La façon dont les accréditations sont actuellement délivrées aux hôpitaux et aux cliniques ne satisfait pas Alain Coulomb, qui s'apprête à révolutionner la procédure.
Pour le nouveau directeur général de l'ANAES (Agence nationale d'accréditation et d'évaluation en santé), le système actuel a atteint ses limites : « Le référentiel est lourd et bureaucratique, les professionnels de santé, insuffisamment impliqués, et la démarche ne rassure pas assez les usagers », constate-t-il. Trois cents établissements ont été accrédités entre 2000 et 2002, 650 le seront cette année. Pour atteindre son objectif - 100 % des établissements accrédités en 2006 -, l'ANAES s'apprête à lancer une seconde vague d'accréditation des hôpitaux et cliniques, dont l'expérimentation doit débuter en 2004.
L'Agence prépare depuis trois mois les modalités de mise en oeuvre de cette nouvelle vague. Les grandes lignes en ont été dévoilées lors du dernier conseil d'administration de l'ANAES, le 25 avril.
L'enjeu est clair : il s'agit de « simplifier les référentiels et la procédure d'accréditation pour améliorer l'appréciation de la qualité du service médical rendu au patient », indique le rapport du conseil d'administration dont « le Quotidien » a obtenu une copie.
La deuxième phase de l'accréditation va donc être axée autour du concept de performance. Performance économique : la santé a un coût, les établissements devront en tenir compte dans leur démarche d'évaluation. Performance qualitative : les établissements devront mesurer la qualité de leurs activités cliniques. Performance scientifique : chaque usager doit pouvoir bénéficier des avancées technologiques.

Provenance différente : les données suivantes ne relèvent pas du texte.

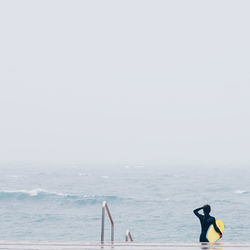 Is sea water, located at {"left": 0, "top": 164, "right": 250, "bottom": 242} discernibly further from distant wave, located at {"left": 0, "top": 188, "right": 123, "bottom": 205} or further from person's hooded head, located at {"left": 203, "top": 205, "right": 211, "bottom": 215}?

Pour l'ANAES, cette prise en compte de la performance implique « une évolution vers une médicalisation de l'accréditation ». Traduction : l'évaluation des activités de soins, qui n'apparaissent pas en tant que telles dans la procédure actuelle (celle-ci mesure les moyens mis en uvre par les établissements pour améliorer leur qualité), va être renforcée. De même que l'implication des équipes cliniques dans l'accréditation. Sont particulièrement visés les médecins, « qui ne se sentent pas assez concernés et qui ne se reconnaissent pas dans les marqueurs définis par la première vague », d'après Alain Coulomb (voir encadré). Les praticiens vont donc être mis à contribution et devront définir des indicateurs permettant d'évaluer leurs pratiques professionnelles. L'attribution de sanctions en cas de non-respect de ces indicateurs n'est pas envisagée. L'ANAES mise donc sur la bonne volonté des médecins pour réformer le système.
Dés l'an prochain, certains établissements (déjà accrédités) vont tester cette nouvelle procédure. L'ANAES prévoit d'accréditer 600 établissements par an via la première procédure, et 200 par an via la seconde procédure, jusqu'en 2006. Au-delà, toutes les accréditations seront « médicalisées ».
La culture médicale montrée du doigt
« Le facteur bloquant au développement de l'accréditation », pour Dominique Dessalles, docteur en pharmacie et expert hygiéniste, c'est sans conteste « les médecins ». Cette femme travaille depuis des années pour le compte d'un cabinet de conseil toulousain (Iso-Phile), et, à ce titre, accompagne les cliniques privées dans leur démarche d'accréditation. Elle se dit bien placée pour juger de l'évolution des mentalités : « Depuis le lancement de l'accréditation, la culture administrative et surtout paramédicale s'est bien améliorée. Les soignants sont plus impliqués, ils sont rassurés de savoir que la responsabilité dans les dysfonctionnements du type retard de planning ou erreur médicale est largement partagée avec les médecins. »
A l'inverse, la mentalité des médecins n'aurait guère évolué, à en croire Dominique Dessalles. « Ils ne veulent pas entendre parler d'évaluation des pratiques, ils refusent de mettre sur papier leurs méthodes cliniques. » Pour cette experte en hygiène, l'échec - relatif - de la première vague d'accréditation tient au fait que « les évaluateurs de l'ANAES n'ont pas assez mis les médecins sur la sellette ».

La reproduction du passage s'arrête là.